Re: [PATCH V2] arch_topology: Clear LLC sibling when cacheinfo teardown

From: Sudeep Holla
Date: Thu Mar 16 2023 - 10:51:25 EST


On Thu, Mar 16, 2023 at 10:30:52AM +0000, Song Shuai wrote:
> Sudeep Holla <sudeep.holla@xxxxxxx> 于2023年3月16日周四 09:29写道:
> >
> > On Tue, Mar 14, 2023 at 03:53:45PM +0800, Song Shuai wrote:
> > > The teardown of CPUHP_AP_BASE_CACHEINFO_ONLINE now only invokes
> > > free_cache_attributes() to clear share_cpu_map of cacheinfo list.
> > > At the same time, clearing cpu_topology[].llc_sibling is
> > > called quite late at the teardown code in hotplug STARTING section.
> > >
> > > To avoid the incorrect LLC sibling masks generated, move its clearing
> > > right after free_cache_attributes().
> > >
> >
> > Technically in terms of flow/timing this is correct. However I would like
> > to know if you are seeing any issues without this change ?
> >
> > Technically, if a cpu is hotplugged out, the cacheinfo is reset first
> > and then the topology. Until the cpu is removes, the LLC info in the
> > topology is still valid.
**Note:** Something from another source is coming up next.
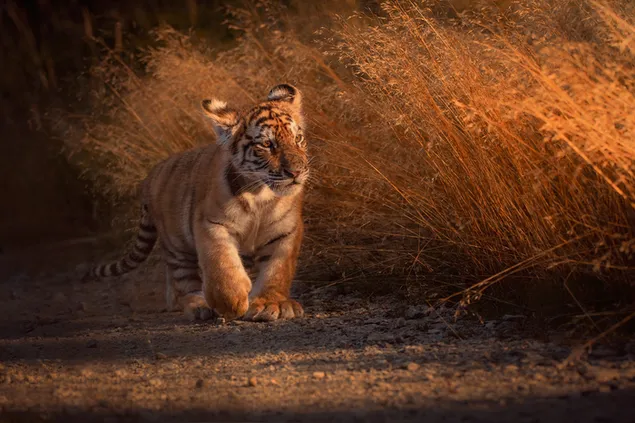 Schattige tijger wandelen 2K achtergrond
Also I am not sure if anything gets scheduled
> > and this LLC info is utilised once the teardown of CPUHP_AP_BASE_CACHEINFO_ONLINE
> > has started.
>
> There is no visible issue in the entire offline process(eg: echo 0 > online).
>
> However, when I hotplugged out the CPU into the state before CACHEINFO_ONLINE on
> my kernel with the CONFIG_CPU_HOTPLUG_STATE_CONTROL configured,
> the share_cpu_map had been updated but llc_sibling had not, which
> would result in a trivial issue:
>
> At the end of stepped hotplugging out, the cpuset_hotplug_work would
> be flushed and then sched domain would be rebuilt
> where the **cpu_coregroup_mask** in sched_domain_topology got
> incorrect llc_sibling, but the result of rebuilding was correct due
> to the protection of cpu_active_mask.
>

Wait, I would like to disagree there. While I agree there is inconsistency
between cacheinfo cpu_shared_map and the llc_sibling in the tear down path,
it is still correct and terming it as "incorrect" llc_sibling is wrong.
The cpu is not yet completely offline yet and hence the llc_sibling
represents all the cpus it shares LLC. When the cpu is offlined, the
cpu_topology is anyway removed. So I don't see it as an issue at all.
If you follow __cpu_disable()->remove_cpu_topology(), it gets updated there.
If the sched_domain_topology is not rebuilt after that, then we may have
other issues. What am I missing ?

I am not bothered by cacheinfo cpu_shared_map and cpu_topology llc_sibling
mismatch for short window during the teardown as technically until the cpu
is torndown, it is sharing llc with llc_sibling and it is definitely not
wrong to have it in there.

> The stepped hotplugging may not be used in the production environment,
> but the issue existed.

What issue ? If it is just inconsistency, then I am fine to ignore. That
is just artificial and momentary and it impacts nothing.

> Even in the entire offline process, it's possible that a future user
> gets wrong the llc_sibling when accessing it concurrently or right
> after the teardown of CACHEINFO_ONLINE.

As I said, even if someone access it, it is not wrong information.

--
Regards,
Sudeep